◆ **Your instructions**: Reproduce from the records below, with no pictures, exactly the lines between the one containing "2pcs Cerradura de" and the one containing "CANDY ROE H9A3TE", inclusive.

◆ **Data records**:
***

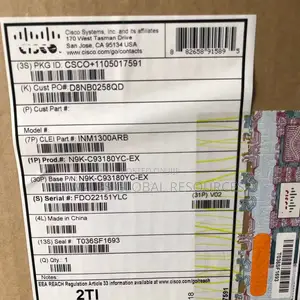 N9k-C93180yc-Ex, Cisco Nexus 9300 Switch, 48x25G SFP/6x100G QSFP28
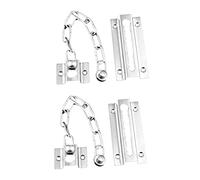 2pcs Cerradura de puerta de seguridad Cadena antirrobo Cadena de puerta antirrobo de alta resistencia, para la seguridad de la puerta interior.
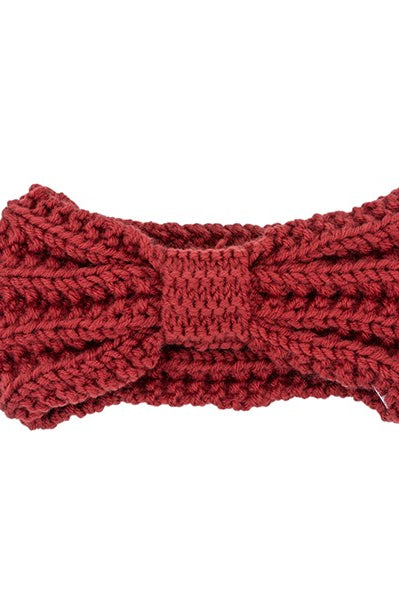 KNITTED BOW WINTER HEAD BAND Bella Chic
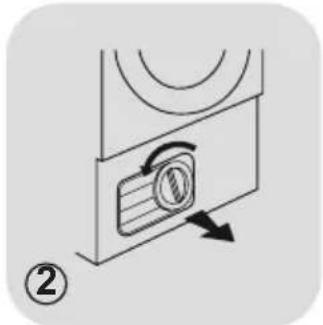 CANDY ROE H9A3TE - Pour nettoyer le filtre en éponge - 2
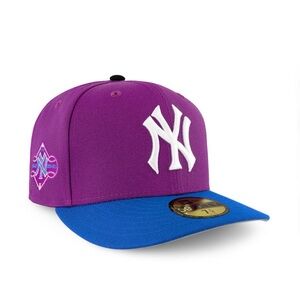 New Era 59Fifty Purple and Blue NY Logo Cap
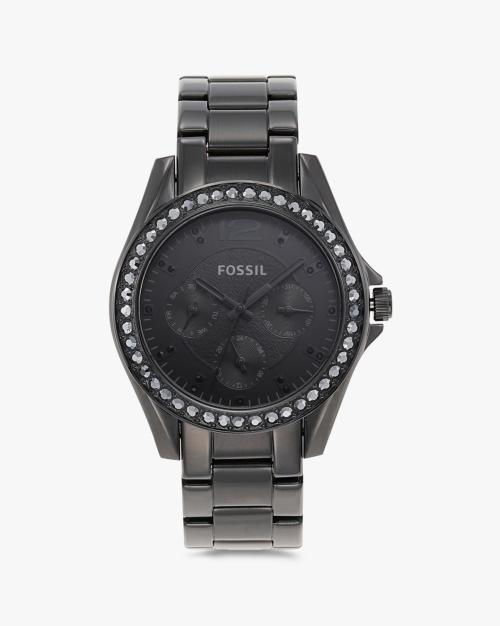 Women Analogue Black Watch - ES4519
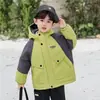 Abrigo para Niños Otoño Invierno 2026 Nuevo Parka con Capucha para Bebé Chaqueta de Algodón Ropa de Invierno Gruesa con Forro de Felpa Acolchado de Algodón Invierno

***

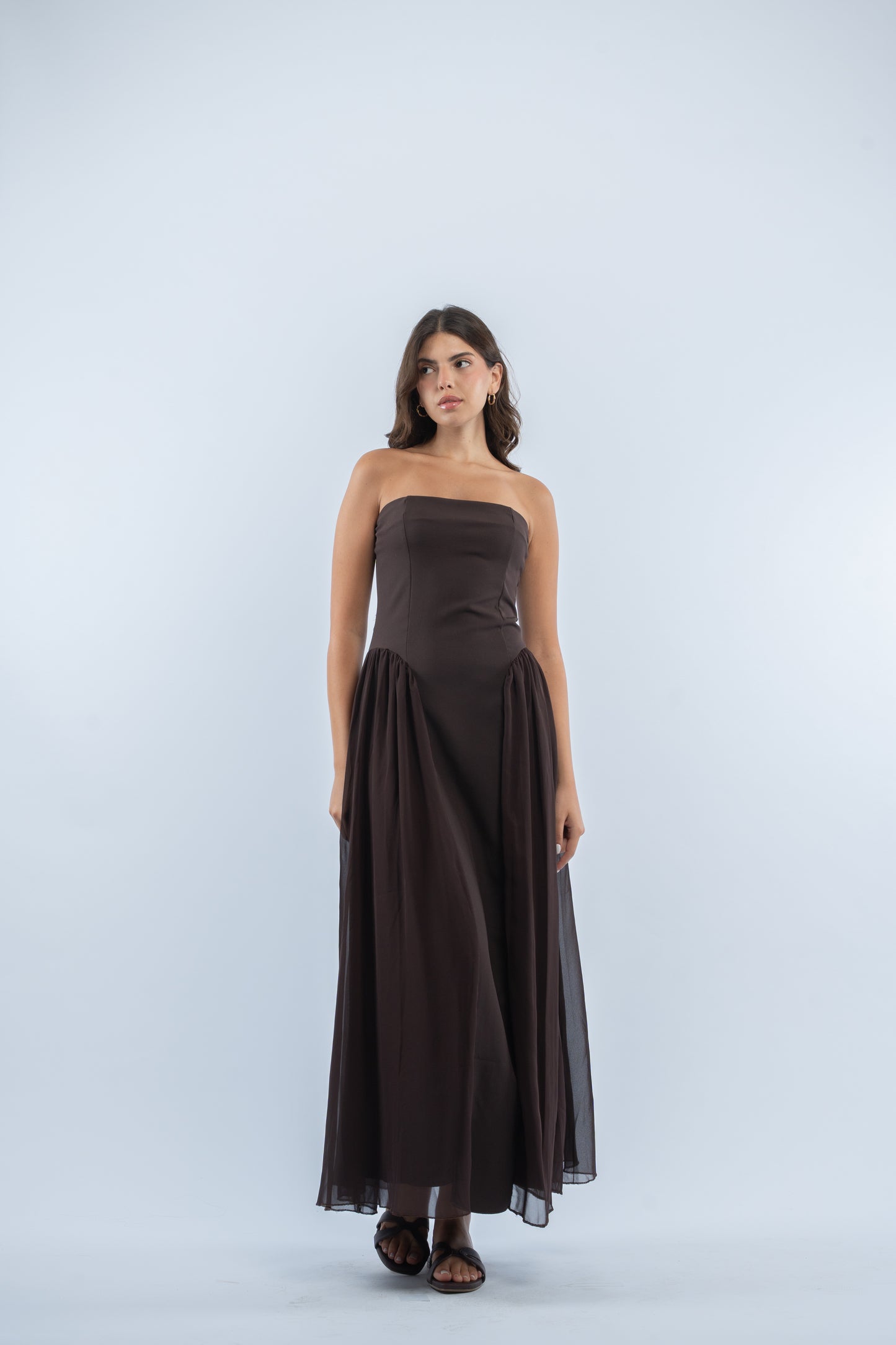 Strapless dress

***

◆ **Answer box**:
 2pcs Cerradura de puerta de seguridad Cadena antirrobo Cadena de puerta antirrobo de alta resistencia, para la seguridad de la puerta interior.
 KNITTED BOW WINTER HEAD BAND Bella Chic
 CANDY ROE H9A3TE - Pour nettoyer le filtre en éponge - 2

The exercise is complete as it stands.